*** Given data ***

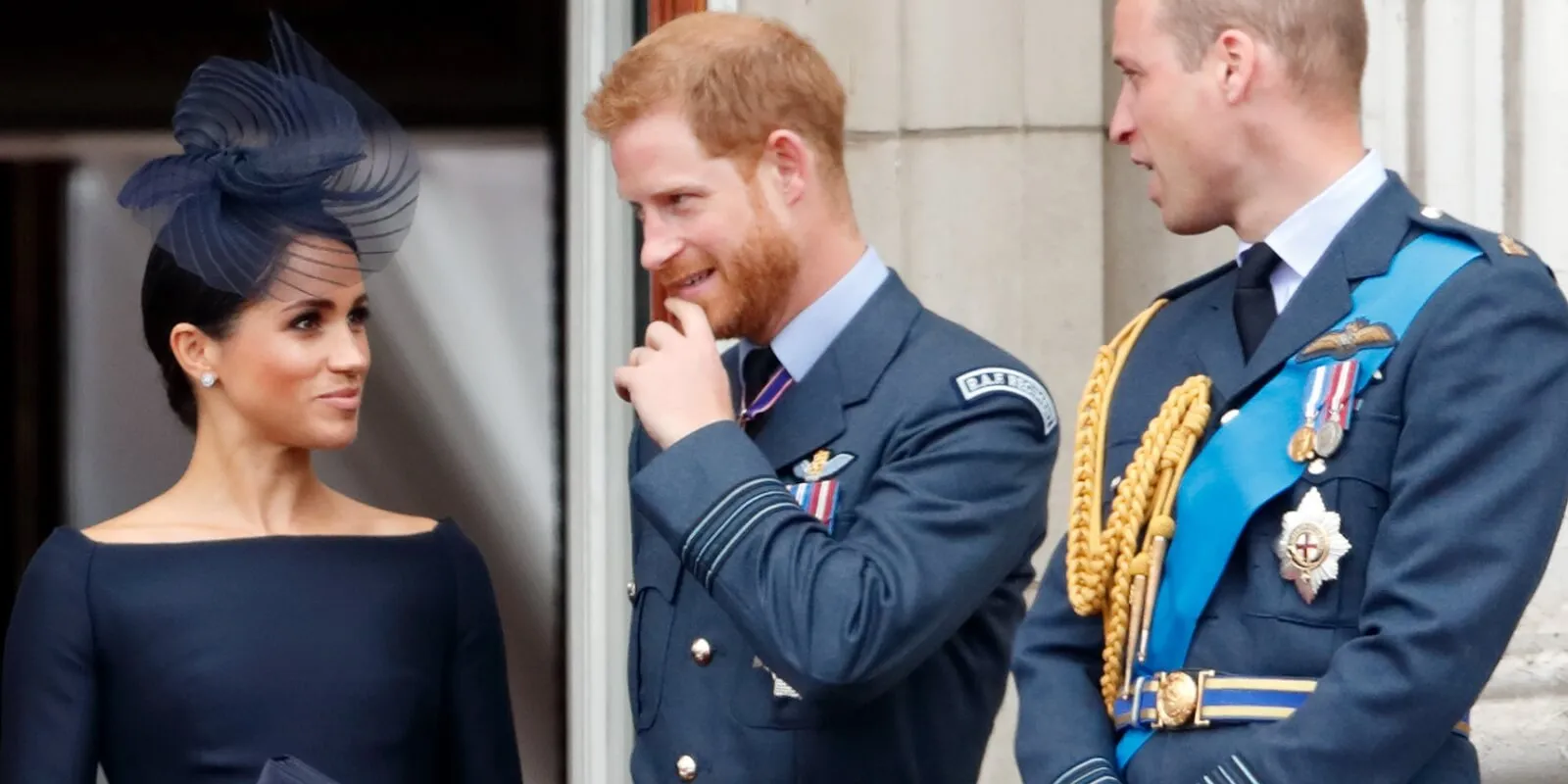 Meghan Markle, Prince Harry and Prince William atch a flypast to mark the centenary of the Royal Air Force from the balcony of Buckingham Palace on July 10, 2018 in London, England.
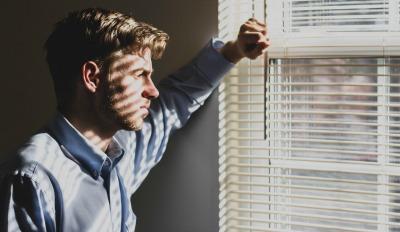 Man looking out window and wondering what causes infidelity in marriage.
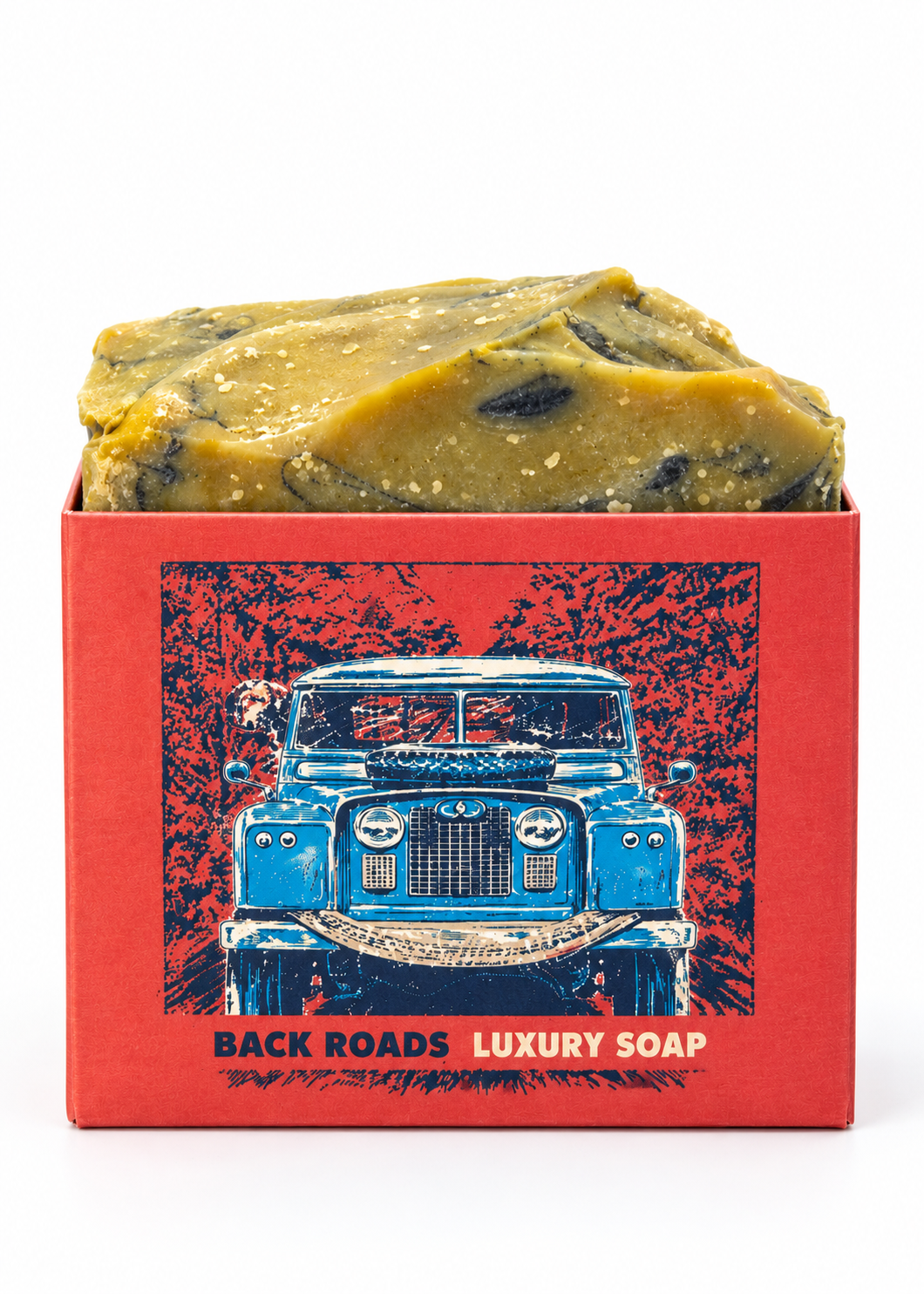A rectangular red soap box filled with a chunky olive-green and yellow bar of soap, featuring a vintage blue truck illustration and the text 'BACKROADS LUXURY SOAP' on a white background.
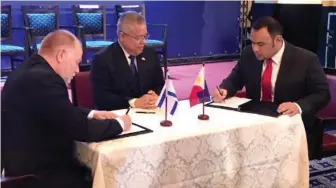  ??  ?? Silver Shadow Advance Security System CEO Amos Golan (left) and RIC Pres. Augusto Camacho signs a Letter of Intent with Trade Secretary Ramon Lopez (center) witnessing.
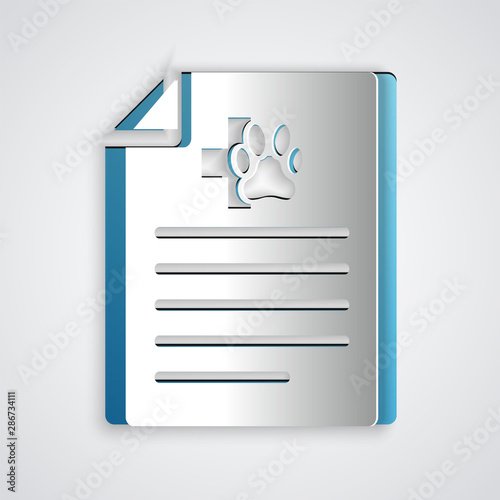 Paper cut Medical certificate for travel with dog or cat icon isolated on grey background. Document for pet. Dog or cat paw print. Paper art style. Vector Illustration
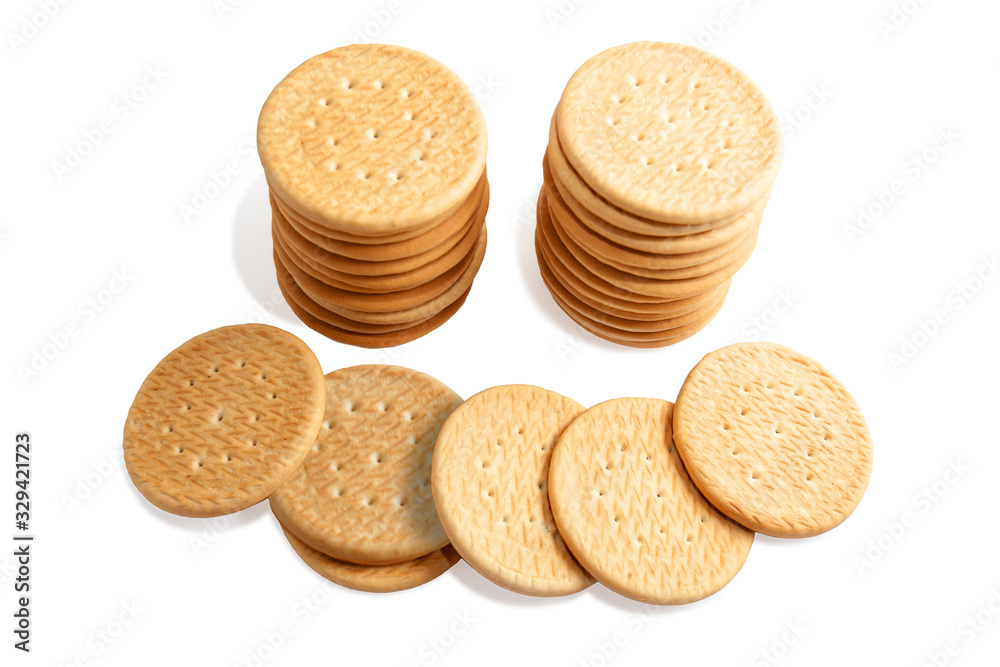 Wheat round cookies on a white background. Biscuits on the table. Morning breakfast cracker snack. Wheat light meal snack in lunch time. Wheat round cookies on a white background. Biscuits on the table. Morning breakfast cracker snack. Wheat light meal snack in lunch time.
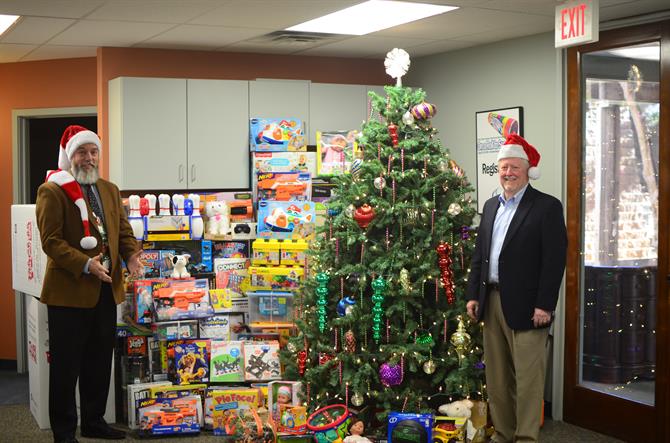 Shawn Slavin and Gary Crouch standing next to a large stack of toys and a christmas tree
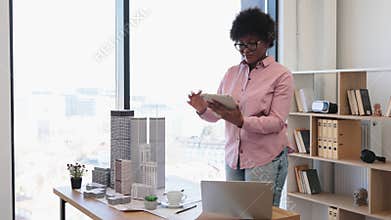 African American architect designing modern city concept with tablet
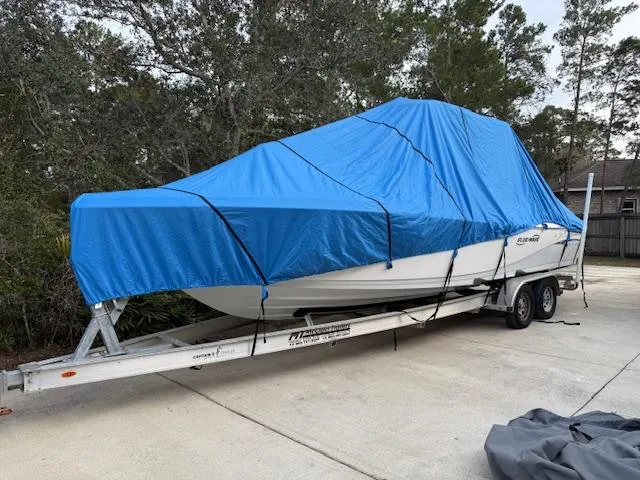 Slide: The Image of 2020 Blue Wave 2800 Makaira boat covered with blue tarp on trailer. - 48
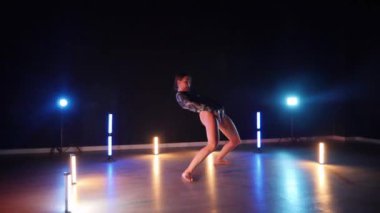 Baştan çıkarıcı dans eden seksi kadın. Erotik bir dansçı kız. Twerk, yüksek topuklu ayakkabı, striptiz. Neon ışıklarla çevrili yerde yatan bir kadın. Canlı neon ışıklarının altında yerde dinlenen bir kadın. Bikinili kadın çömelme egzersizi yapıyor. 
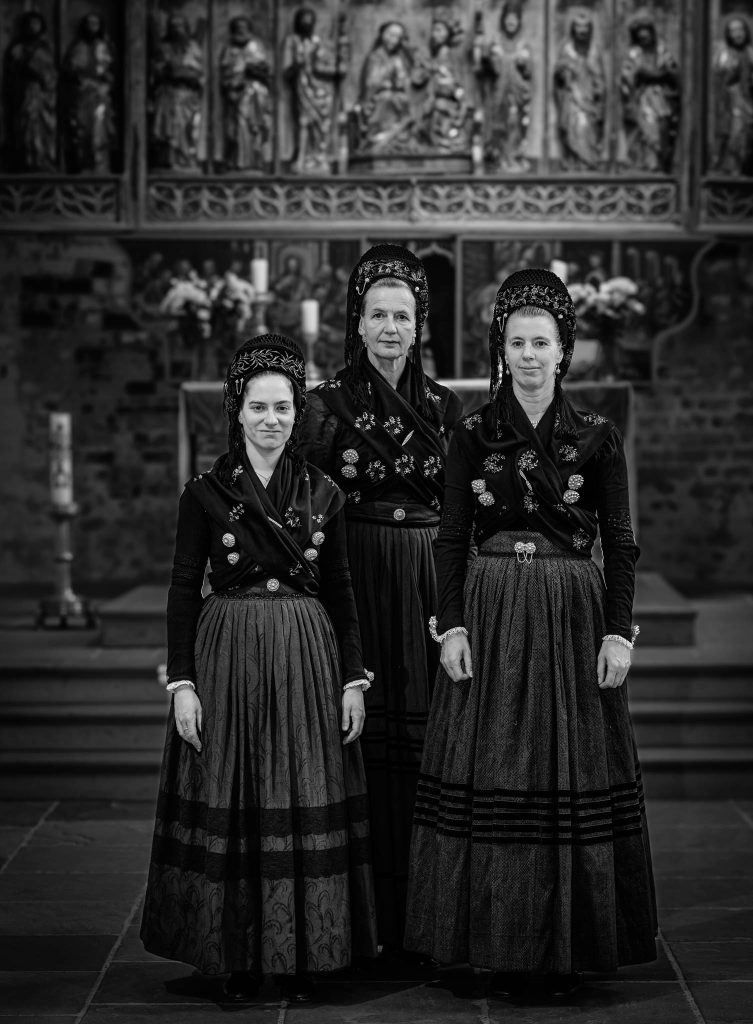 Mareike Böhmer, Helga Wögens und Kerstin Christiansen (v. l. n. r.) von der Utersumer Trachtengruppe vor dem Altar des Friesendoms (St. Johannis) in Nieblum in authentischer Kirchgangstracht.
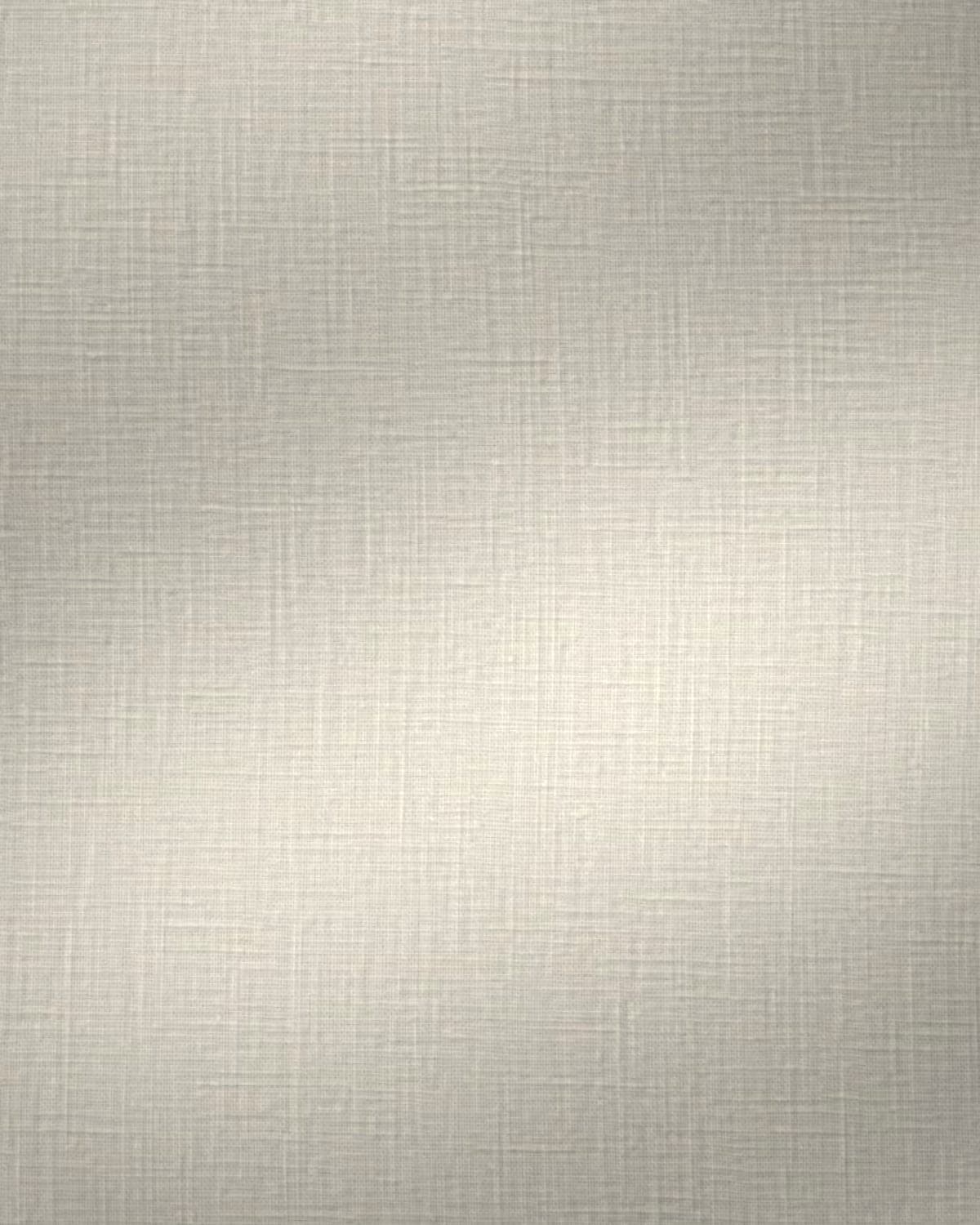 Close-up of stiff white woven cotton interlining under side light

*** End of Given data ***

Give the data again exactly as written, with all pictures left out.

 Meghan Markle, Prince Harry and Prince William atch a flypast to mark the centenary of the Royal Air Force from the balcony of Buckingham Palace on July 10, 2018 in London, England.
 Man looking out window and wondering what causes infidelity in marriage.
A rectangular red soap box filled with a chunky olive-green and yellow bar of soap, featuring a vintage blue truck illustration and the text 'BACKROADS LUXURY SOAP' on a white background.
  ??  ?? Silver Shadow Advance Security System CEO Amos Golan (left) and RIC Pres. Augusto Camacho signs a Letter of Intent with Trade Secretary Ramon Lopez (center) witnessing.
 Paper cut Medical certificate for travel with dog or cat icon isolated on grey background. Document for pet. Dog or cat paw print. Paper art style. Vector Illustration
 Wheat round cookies on a white background. Biscuits on the table. Morning breakfast cracker snack. Wheat light meal snack in lunch time. Wheat round cookies on a white background. Biscuits on the table. Morning breakfast cracker snack. Wheat light meal snack in lunch time.
 Shawn Slavin and Gary Crouch standing next to a large stack of toys and a christmas tree
 African American architect designing modern city concept with tablet
 Slide: The Image of 2020 Blue Wave 2800 Makaira boat covered with blue tarp on trailer. - 48
 Baştan çıkarıcı dans eden seksi kadın. Erotik bir dansçı kız. Twerk, yüksek topuklu ayakkabı, striptiz. Neon ışıklarla çevrili yerde yatan bir kadın. Canlı neon ışıklarının altında yerde dinlenen bir kadın. Bikinili kadın çömelme egzersizi yapıyor. 
 Mareike Böhmer, Helga Wögens und Kerstin Christiansen (v. l. n. r.) von der Utersumer Trachtengruppe vor dem Altar des Friesendoms (St. Johannis) in Nieblum in authentischer Kirchgangstracht.
 Close-up of stiff white woven cotton interlining under side light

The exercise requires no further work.